Most Machine Learning algorithms cannot work with missing features, so let’s create a few functions to take care of them. We saw earlier that the total_bedrooms attribute has some missing values, so let’s fix this. You have three options:

* Get rid of the corresponding districts.

* Get rid of the whole attribute.

* Set the values to some value (zero, the mean, the median, etc.).

You can accomplish these easily using DataFrame’s dropna(), drop(), and fillna() methods:

`
housing.dropna(subset=["total_bedrooms"])    # option 1
housing.drop("total_bedrooms", axis=1)       # option 2
median = housing["total_bedrooms"].median()  # option 3
housing["total_bedrooms"].fillna(median, inplace=True)
`

Scikit-Learn provides a handy class to take care of missing values: SimpleImputer. Here is how to use it. First, you need to create a SimpleImputer instance, specifying that you want to replace each attribute’s missing values with the median of that attribute:



In [None]:
from sklearn.impute import SimpleImputer

imputer = SimpleImputer(strategy="median")

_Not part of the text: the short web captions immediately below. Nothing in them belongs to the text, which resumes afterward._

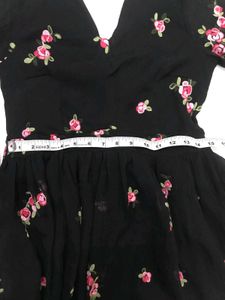 Cute Black Floral Bell Sleeve Dress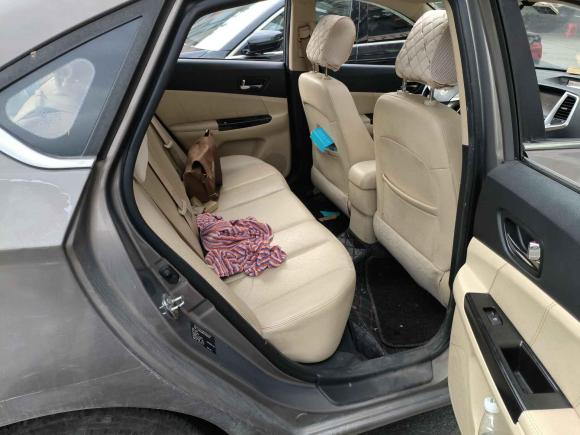 [佛山·粤X] 二手长安逸动2015款 1.6L 手动豪华型 国V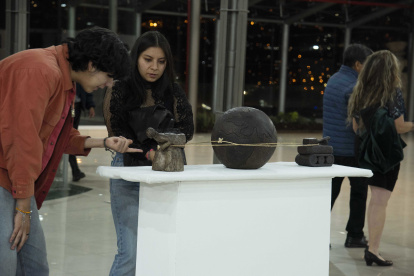 La exposición reúne piezas de más de cuarenta artistas mujeres elaboradas entre el siglo diecinueve y el siglo veintiuno.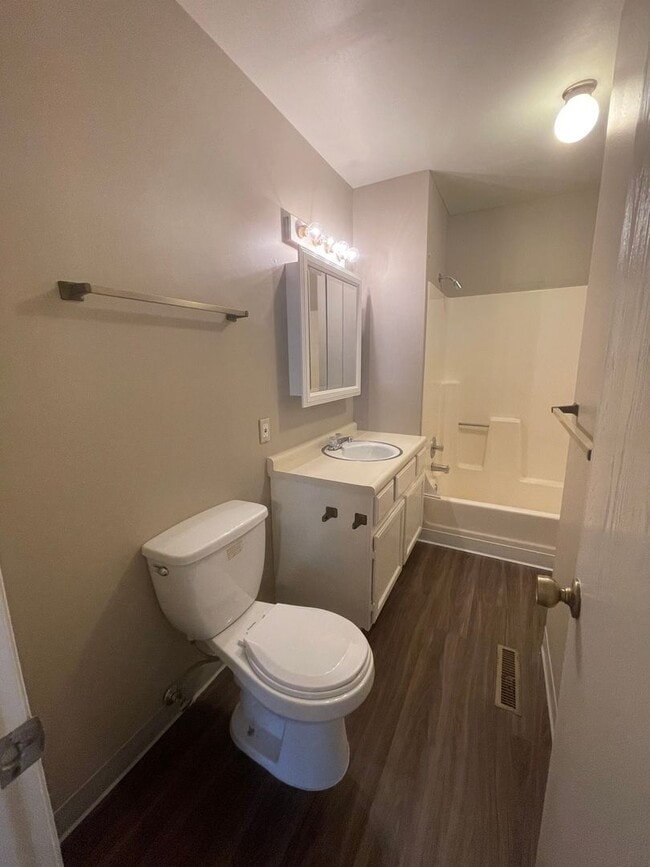 Building Photo - 2507 W 27th St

Since the median can only be computed on numerical attributes, you need to create a copy of the data without the text attribute ocean_proximity:

In [None]:
housing_num = housing.drop("ocean_proximity", axis=1)

Now you can fit the imputer instance to the training data using the fit() method:

In [None]:
imputer.fit(housing_num)

The imputer has simply computed the median of each attribute and stored the result in its statistics_ instance variable. Only the total_bedrooms attribute had missing values, but we cannot be sure that there won’t be any missing values in new data after the system goes live, so it is safer to apply the imputer to all the numerical attributes:

In [None]:
imputer.statistics_

In [None]:
housing_num.median().values  # Check above by calculating medians yourself

Now you can use this “trained” imputer to transform the training set by replacing missing values with the learned medians:

In [None]:
X = imputer.transform(housing_num)

The result is a plain NumPy array containing the transformed features. If you want to put it back into a pandas DataFrame, it’s simple:

In [None]:
housing_tr = pd.DataFrame(X, columns=housing_num.columns,
                          index=housing_num.index)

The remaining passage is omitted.